I believe it’s because there was a long period in human evolution during which it was adaptive to lose the self and merge with others. It wasn’t adaptive for individuals to do so, but it was adaptive for groups. As evolutionary biologists David Sloan Wilson and Edward O. Wilson have proposed, religiosity is a biological adaptation for binding groups together and helping them enter a mind-set of “one for all, all for one.” Groups that developed emotionally intense, binding religions were able, in the long run, to outcompete and outlast groups that were not so tightly bound.

So that’s it, is it? Religion evolved to do what a good coach can do. And it didn’t stop there because … self-transcendence, it turns out, helps too.

Is there any evidence for the existence of this “long period in human evolution during which it was adaptive to lose the self and merge with others”? As opposed to the normal state of affairs in which one must learn to live and work peacefully with others, whatever one’s state of mind? The evidence is that Haidt believes it is so.

The mystic’s sense of the oneness of all things is demonstrably irrelevant to the advancement of a group.
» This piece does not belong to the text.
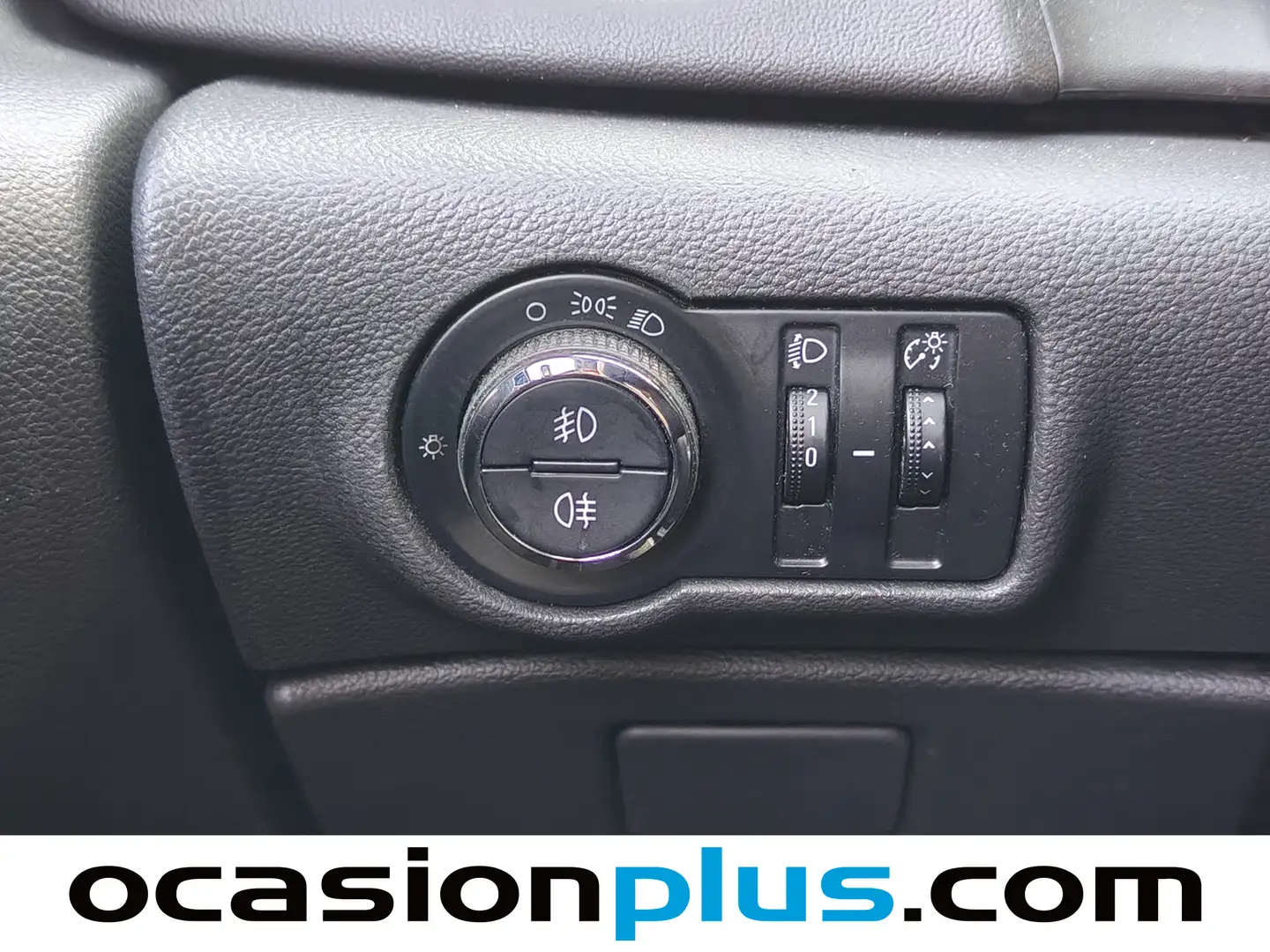 Foto Opel Astra Opel Astra 1.7 CDTi S/S Selective (110 CV)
For that matter, the shaman’s sense of awe at unseen powers is an apprehension, not an adaptation, and it may or may not benefit the group.

None of which would matter in the slightest except for the conceit that Haidt’s is somehow a view from science. This is a loss science need not take.

Except for one thing: To the extent that science is merely naturalism (nature is all there is), any faith statement or speculation is acceptable except the view that the mystic or religious person may be in contact with a reality beyond time and space. Irrespective of evidence from his life. In fact, the evolutionary psychology approach to religion exists for no other purpose than to come up with a flurry of contradictory alternatives.

One way you can tell: What you won’t ever see there is a thesis on how man evolved to be capable of a revelation of the divine. All the knives would be out against that one. And that explains why the pseudo-discipline can never really become a discipline:  There are possibilities it simply cannot engage with, and its purpose is to explain them away.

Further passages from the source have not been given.